"Paper" gold and silver is widely traded today in three investment vehicles, the close-ended fund CEF (Central Fund of Canada), and the twin ETF's GLD - SPDR Gold Trust, and SLV iShares Silver Trust. Whole oceans of ink have been spilled detailing the good and not-so-good points of these funds. My goal here is to distill the salient points down to the fewest words possible to help make your due diligence task somewhat less...well...tasking.
To Audit or Not to Audit - CEF's bullion reserves are audited by an independent firm, Ernst & Young LLP., twice per year. GLD and SLV on the other hand do not permit any such transparency. Echoing the former sentiments of disgraced trader Bernie Madoff, investors are just supposed to trust the "word" of the funds that the bullion is there.
Insurance - CEF's gold and silver is fully insured by Lloyd's of London. GLD and SLV fully acknowledge that their "reserves" are not insured against any happenstance that may prevent them from repaying their investors in gold or silver. They even reserve the right to compensate investors in US paper dollars if necessary.
Counter Party Risk - CEF reserves are fully allocated and segregated with the name of each investor attached to particular gold and silver bullion. GLD and SLV's "alleged" bullion is unallocated and unreserved. There's no telling just how many competitors you'd have to fight off to get any of your precious metals with these funds.
Conflicts of Interest - CEF has been in the close-ended fund business backed by gold and silver since 1961. Their directors are well respected in the precious metals market. The custodians of GLD and SLV are HSBC and JP Morgan respectively.
Where do I start with these two banks (above)? Well, let's just say if there was a Who's Who publication of precious metal naked shorters and market manipulators these firms would be prominently featured. How can you trust a custodian of your long interest metal fund who is accused of making fortunes by manipulating the metal prices downward?
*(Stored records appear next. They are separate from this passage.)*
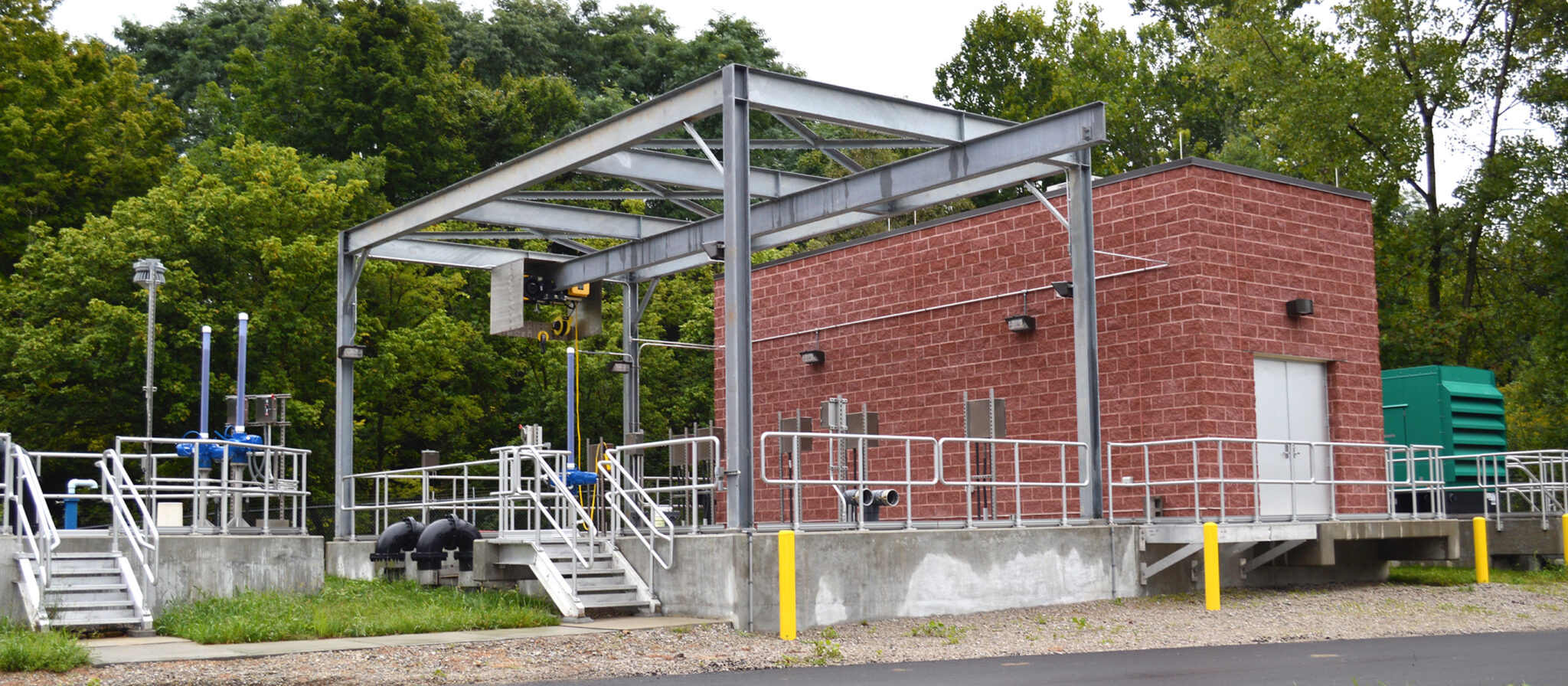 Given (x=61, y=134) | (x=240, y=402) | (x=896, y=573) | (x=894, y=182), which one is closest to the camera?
(x=896, y=573)

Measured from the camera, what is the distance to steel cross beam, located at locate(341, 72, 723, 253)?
57.0ft

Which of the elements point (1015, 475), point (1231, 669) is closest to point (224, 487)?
point (1015, 475)

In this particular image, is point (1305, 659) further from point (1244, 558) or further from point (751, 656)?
point (1244, 558)

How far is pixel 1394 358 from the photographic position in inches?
1471

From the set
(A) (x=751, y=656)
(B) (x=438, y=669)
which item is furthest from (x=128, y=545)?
(A) (x=751, y=656)

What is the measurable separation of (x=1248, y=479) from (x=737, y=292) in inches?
293

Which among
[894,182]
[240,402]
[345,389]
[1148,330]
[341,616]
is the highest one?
[894,182]

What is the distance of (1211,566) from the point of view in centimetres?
1700

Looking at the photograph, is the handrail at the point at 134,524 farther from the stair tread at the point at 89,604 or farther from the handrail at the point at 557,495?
the handrail at the point at 557,495

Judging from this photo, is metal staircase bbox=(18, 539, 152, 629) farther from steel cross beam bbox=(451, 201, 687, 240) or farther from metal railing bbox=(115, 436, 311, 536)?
steel cross beam bbox=(451, 201, 687, 240)

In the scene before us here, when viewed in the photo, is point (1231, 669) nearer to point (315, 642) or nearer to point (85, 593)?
point (315, 642)

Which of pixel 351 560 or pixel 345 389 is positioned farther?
pixel 345 389

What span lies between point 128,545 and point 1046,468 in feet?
39.3

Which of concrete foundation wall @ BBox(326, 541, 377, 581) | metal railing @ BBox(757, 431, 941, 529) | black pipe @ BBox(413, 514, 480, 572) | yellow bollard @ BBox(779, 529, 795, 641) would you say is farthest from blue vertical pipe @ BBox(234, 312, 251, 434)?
yellow bollard @ BBox(779, 529, 795, 641) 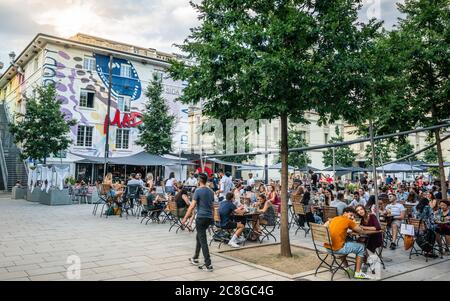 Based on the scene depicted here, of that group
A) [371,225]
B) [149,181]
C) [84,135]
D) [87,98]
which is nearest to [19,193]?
[84,135]

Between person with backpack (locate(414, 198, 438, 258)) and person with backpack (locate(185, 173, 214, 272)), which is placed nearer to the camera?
person with backpack (locate(185, 173, 214, 272))

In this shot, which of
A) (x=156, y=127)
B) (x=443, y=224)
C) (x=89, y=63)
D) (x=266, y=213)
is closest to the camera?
(x=443, y=224)

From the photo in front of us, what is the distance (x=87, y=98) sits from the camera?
31297mm

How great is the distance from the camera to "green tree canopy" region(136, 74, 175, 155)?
96.0ft

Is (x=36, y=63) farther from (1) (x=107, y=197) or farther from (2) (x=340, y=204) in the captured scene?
(2) (x=340, y=204)

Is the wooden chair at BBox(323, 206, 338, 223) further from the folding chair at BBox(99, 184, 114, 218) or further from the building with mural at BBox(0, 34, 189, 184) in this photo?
the building with mural at BBox(0, 34, 189, 184)

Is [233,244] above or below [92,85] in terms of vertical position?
below

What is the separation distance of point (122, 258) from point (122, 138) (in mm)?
26666

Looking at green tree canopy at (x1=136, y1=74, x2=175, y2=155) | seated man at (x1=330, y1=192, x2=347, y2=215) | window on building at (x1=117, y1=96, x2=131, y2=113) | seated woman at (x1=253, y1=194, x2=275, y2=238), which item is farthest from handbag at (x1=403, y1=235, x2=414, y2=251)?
window on building at (x1=117, y1=96, x2=131, y2=113)

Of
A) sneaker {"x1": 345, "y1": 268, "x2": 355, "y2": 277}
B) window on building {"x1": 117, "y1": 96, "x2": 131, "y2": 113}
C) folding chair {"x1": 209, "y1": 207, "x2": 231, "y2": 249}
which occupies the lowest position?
sneaker {"x1": 345, "y1": 268, "x2": 355, "y2": 277}

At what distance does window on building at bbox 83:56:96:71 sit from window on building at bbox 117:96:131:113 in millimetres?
3636

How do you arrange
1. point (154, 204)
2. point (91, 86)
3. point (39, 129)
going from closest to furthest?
1. point (154, 204)
2. point (39, 129)
3. point (91, 86)

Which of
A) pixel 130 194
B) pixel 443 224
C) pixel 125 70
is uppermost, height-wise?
pixel 125 70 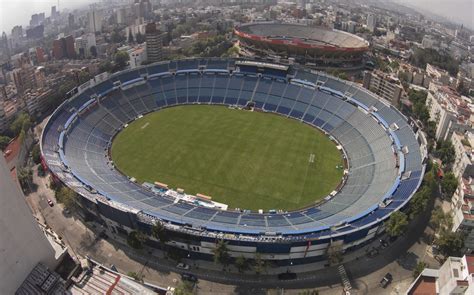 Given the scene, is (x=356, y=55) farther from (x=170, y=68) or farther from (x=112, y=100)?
(x=112, y=100)

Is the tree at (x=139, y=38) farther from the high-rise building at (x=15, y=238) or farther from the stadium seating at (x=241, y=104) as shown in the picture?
the high-rise building at (x=15, y=238)

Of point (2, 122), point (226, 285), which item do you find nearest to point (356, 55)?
point (226, 285)

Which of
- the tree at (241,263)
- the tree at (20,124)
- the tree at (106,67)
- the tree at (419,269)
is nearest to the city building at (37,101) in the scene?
the tree at (20,124)

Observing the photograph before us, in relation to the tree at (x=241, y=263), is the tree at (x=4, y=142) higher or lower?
lower

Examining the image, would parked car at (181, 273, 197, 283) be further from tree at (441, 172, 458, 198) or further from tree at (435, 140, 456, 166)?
tree at (435, 140, 456, 166)

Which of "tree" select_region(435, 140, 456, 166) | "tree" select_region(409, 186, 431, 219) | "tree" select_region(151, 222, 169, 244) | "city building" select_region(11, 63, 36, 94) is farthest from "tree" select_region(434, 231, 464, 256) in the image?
"city building" select_region(11, 63, 36, 94)

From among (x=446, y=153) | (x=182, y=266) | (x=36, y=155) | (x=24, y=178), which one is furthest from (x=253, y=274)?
(x=446, y=153)

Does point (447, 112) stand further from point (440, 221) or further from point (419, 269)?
point (419, 269)
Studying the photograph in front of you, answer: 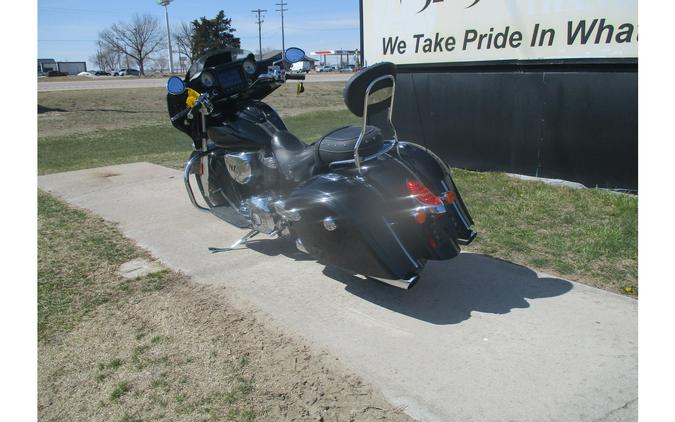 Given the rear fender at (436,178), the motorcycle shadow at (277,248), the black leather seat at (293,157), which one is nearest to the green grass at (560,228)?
the rear fender at (436,178)

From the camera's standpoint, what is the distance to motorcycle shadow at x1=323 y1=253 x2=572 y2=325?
3641 mm

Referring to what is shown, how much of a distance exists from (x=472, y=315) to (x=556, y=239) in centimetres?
174

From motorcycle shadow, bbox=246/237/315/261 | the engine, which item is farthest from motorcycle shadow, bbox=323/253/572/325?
the engine

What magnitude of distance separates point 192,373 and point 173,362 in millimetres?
184

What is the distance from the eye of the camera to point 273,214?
14.4 ft

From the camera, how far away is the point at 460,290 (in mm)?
3928

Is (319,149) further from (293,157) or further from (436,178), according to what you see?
(436,178)

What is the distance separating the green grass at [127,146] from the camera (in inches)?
385

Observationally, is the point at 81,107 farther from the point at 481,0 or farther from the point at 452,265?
the point at 452,265

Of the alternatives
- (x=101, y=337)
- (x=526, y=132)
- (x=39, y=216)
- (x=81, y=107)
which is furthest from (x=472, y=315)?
(x=81, y=107)

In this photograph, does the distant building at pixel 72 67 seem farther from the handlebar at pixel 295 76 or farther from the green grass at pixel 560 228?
the green grass at pixel 560 228

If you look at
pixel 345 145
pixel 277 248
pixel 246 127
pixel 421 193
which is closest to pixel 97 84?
pixel 246 127

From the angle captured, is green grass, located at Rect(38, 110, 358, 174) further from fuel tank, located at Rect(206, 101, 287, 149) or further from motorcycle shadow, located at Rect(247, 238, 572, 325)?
motorcycle shadow, located at Rect(247, 238, 572, 325)

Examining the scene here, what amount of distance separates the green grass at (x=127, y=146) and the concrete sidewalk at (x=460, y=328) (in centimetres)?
512
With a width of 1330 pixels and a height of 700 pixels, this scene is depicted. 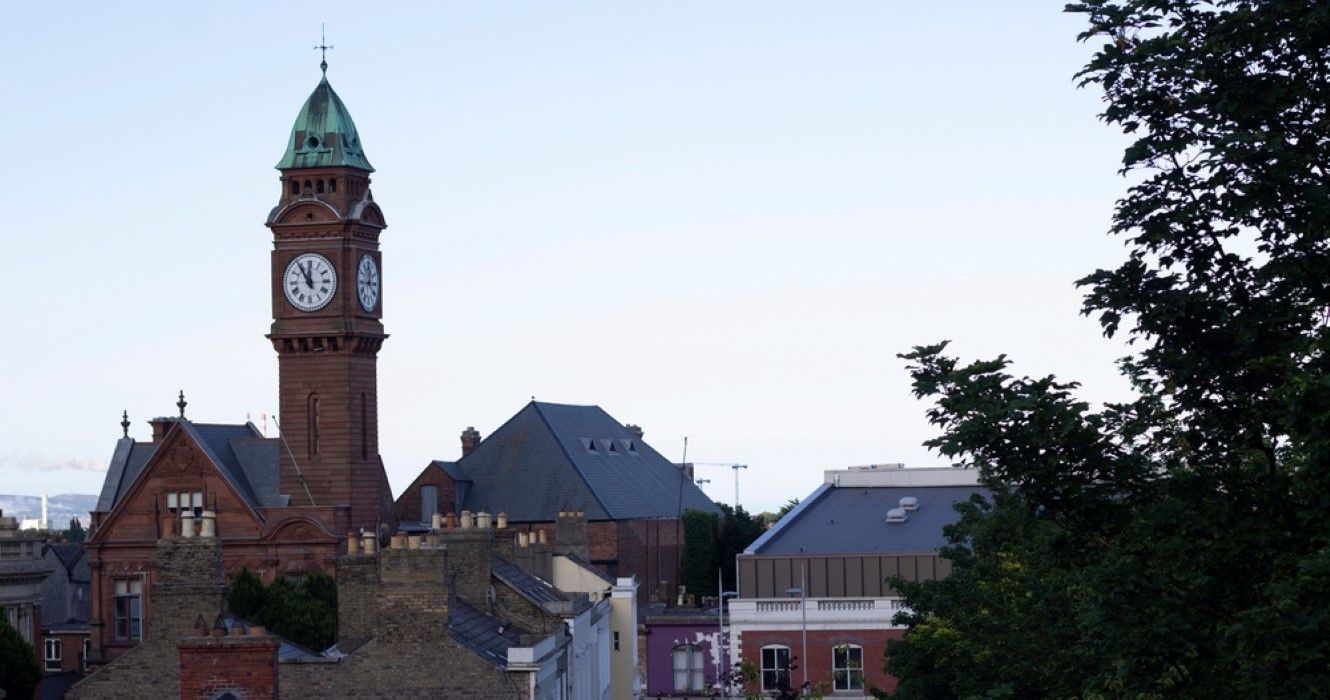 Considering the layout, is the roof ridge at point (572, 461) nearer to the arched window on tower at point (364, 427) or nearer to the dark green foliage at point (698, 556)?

Anyone thinking of the fox guarding the chicken coop metaphor here?
Premiums Above Metal Price - We finally reach a point that is in marginal favor of GLD and SLV and to the deficit of CEF. CEF unlike it's ETF step brothers often sells at a premium to the price of gold and silver. If you're a day trader that means you can buy and sell shares of the ETF's more cheaply than you can with CEF. However, for my part, I'm in a long term holding strategy so a small premium is the least of my concerns. Frankly, I see the premium as just an outward manifestation of the inherent preference by sensible investors for a fund that has actual, real gold and silver backing it up rather than glittering ethereal promises of metals.
As you might suspect, I own CEF and wouldn't touch GLD and SLV with your...well...hand!